→ What to produce: Ignoring the pictures, copy the data exactly.

→ The data:
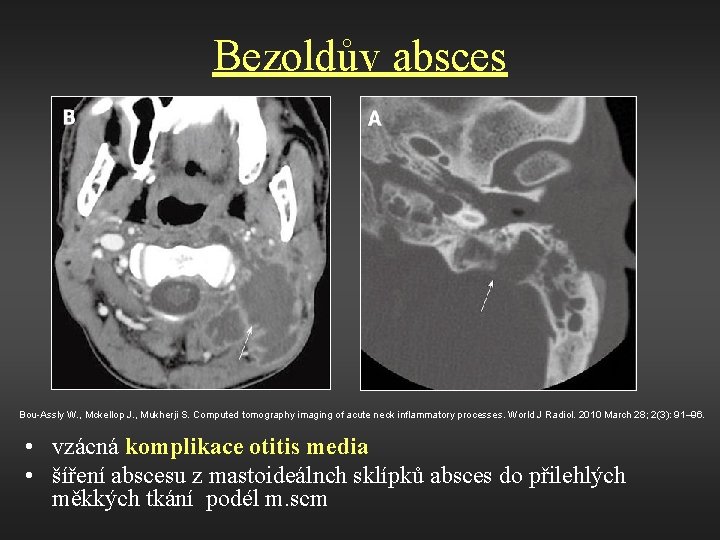 Bezoldův absces Bou-Assly W. , Mckellop J. , Mukherji S. Computed tomography imaging of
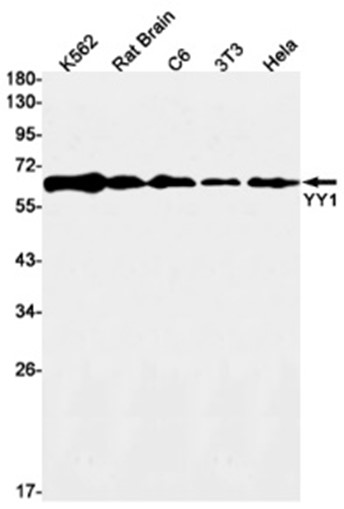 AYD11605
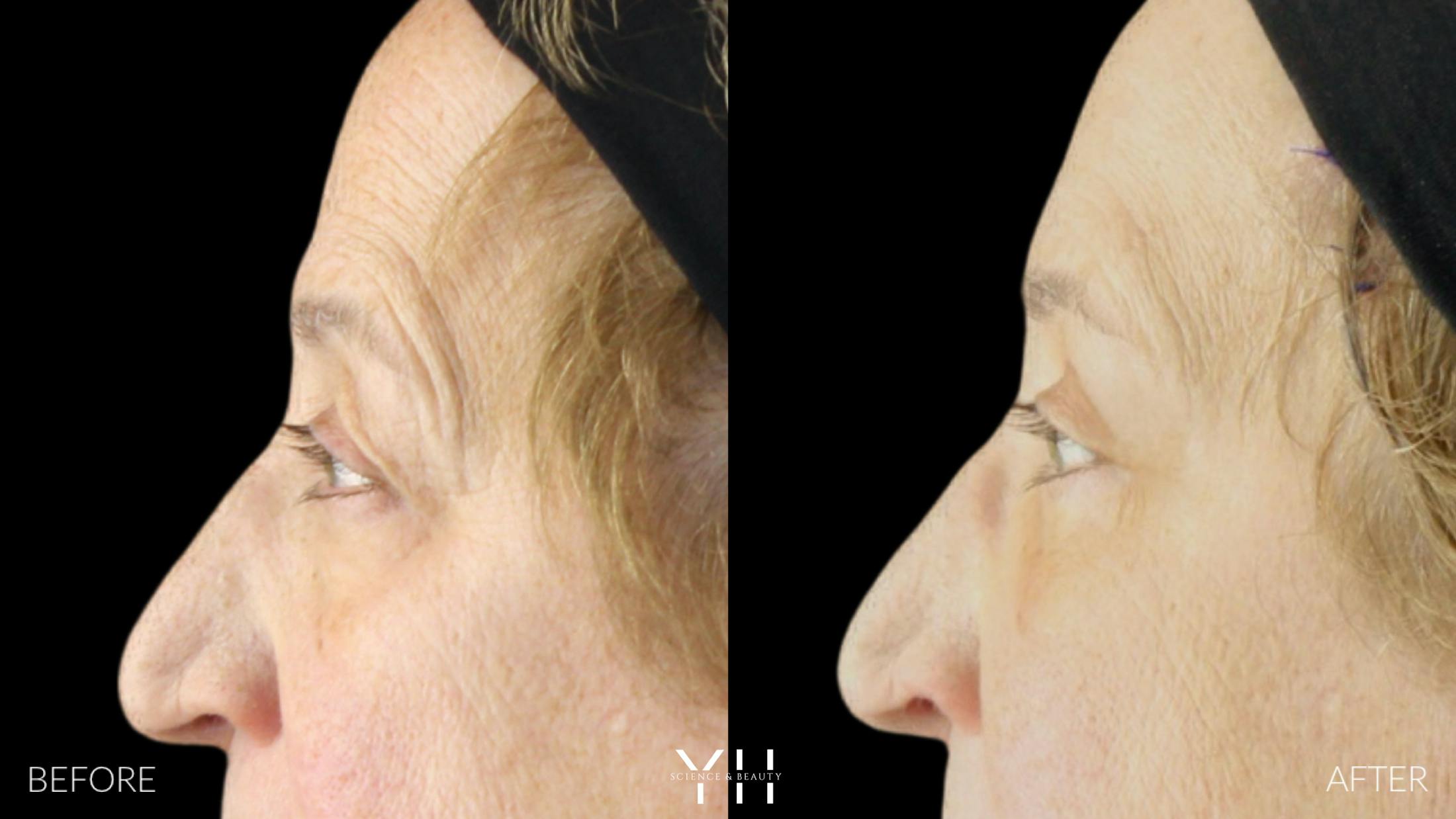 Brow Lift Before & After Gallery - Patient 421725 - Image 5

→ Result:
 Bezoldův absces Bou-Assly W. , Mckellop J. , Mukherji S. Computed tomography imaging of
 AYD11605
 Brow Lift Before & After Gallery - Patient 421725 - Image 5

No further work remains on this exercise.